Many administrators are optimistic that the closure will in fact benefit the library and its patrons. Mainly, the books that will not stay within the UC Davis system are duplicates or have been moved online. The removal of these collections will free space and allow staff to be better positioned, Andrews said.

“This is actually going to preserve our resources,” she said. “The amount of money we will save will allow us to provide much better service in the end.”

Many students who use the PSEL facility to research or study do not believe the closure will debilitate their work, as most of the resources are available electronically in Shields as well as the PSEL.

“It is marginally more convenient to go from the Engineering buildings to the PSEL, so I don’t think that going to Shields is really that much further,” said Frank Maker. “Most of the other students in my lab rarely use the library anyway since the vast majority of the information available in our field is online.”

Several librarians involved in the budget cutting decision, however, have expressed concern that the closure will not serve the interests of the students and researchers on campus, as the Carlson Health Sciences Library is located far from the science buildings on campus, next to the new football stadium.

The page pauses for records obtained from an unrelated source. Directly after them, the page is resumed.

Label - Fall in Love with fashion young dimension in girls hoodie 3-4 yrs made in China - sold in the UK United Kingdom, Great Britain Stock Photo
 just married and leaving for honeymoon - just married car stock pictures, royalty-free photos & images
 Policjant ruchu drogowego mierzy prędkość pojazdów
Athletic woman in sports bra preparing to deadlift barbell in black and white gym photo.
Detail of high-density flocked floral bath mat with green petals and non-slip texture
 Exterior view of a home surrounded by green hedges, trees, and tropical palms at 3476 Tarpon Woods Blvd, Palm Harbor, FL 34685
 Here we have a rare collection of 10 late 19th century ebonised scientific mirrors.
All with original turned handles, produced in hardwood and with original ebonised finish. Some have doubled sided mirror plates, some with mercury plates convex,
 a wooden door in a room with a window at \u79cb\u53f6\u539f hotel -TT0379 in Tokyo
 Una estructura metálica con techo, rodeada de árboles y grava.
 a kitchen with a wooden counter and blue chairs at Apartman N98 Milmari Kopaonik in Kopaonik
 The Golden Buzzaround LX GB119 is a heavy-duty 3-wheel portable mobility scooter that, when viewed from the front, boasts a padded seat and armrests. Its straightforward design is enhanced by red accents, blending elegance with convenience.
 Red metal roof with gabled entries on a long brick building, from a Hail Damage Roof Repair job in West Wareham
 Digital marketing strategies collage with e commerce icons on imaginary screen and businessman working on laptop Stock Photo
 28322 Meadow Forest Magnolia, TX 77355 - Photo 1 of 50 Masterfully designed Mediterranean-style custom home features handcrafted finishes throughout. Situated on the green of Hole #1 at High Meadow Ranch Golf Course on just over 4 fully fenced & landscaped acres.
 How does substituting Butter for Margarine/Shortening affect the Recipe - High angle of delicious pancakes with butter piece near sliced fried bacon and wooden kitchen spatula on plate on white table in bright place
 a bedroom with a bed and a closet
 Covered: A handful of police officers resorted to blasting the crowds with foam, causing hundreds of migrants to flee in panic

“This is one of the worst decisions I have ever seen a library make,” said Axel Borg, librarian subject specialist and librarian of over 25 years. “Library administrators want people to use the Carlson Health Science Library because it’s not getting a lot of use. One of the ways you do this is by putting the books a lot of students use out there. But now they’re going to have to walk over a mile to do their research. The deans are not thinking about the students and that’s just wrong.”

Borg also felt that he and his fellow librarians were not consulted as thoroughly as they should have been in the decision of making cuts.

“Most of us were unaware of this decision until they announced it last week,” he said. “We had to hear it from other faculty. But we’re the ones who work with these books and with the students who work with these books. We have a better sense of how things work best and they ignored us.”

In response, acting co-university librarians Gail Yokote and Helen Henry admitted that although the staff deliberated quite intensively on how to manage the library’s 3.5 percent target budget cut, there was still a minority who disagreed with the closure.

“There’s probably a perception that we haven’t communicated with our librarians,” Henry said. “The important thing to do is to look at the big picture here, which is that this is a standard response to a budget cut.”

Henry and Yokote also expressed optimism in the PSEL closure in that vacating the current building, located between the physics and chemistry buildings, would free space for campus usage.

“One less building allows us to really garner our resources,” Henry said. “We have gathered to identify the specifics of this relocation and now we’re going to see what the ripple effect will be.” Planners have not yet decided what the empty building will be used for. Administrators will begin examining the space in the coming years as the current library books and staff move to the new locations.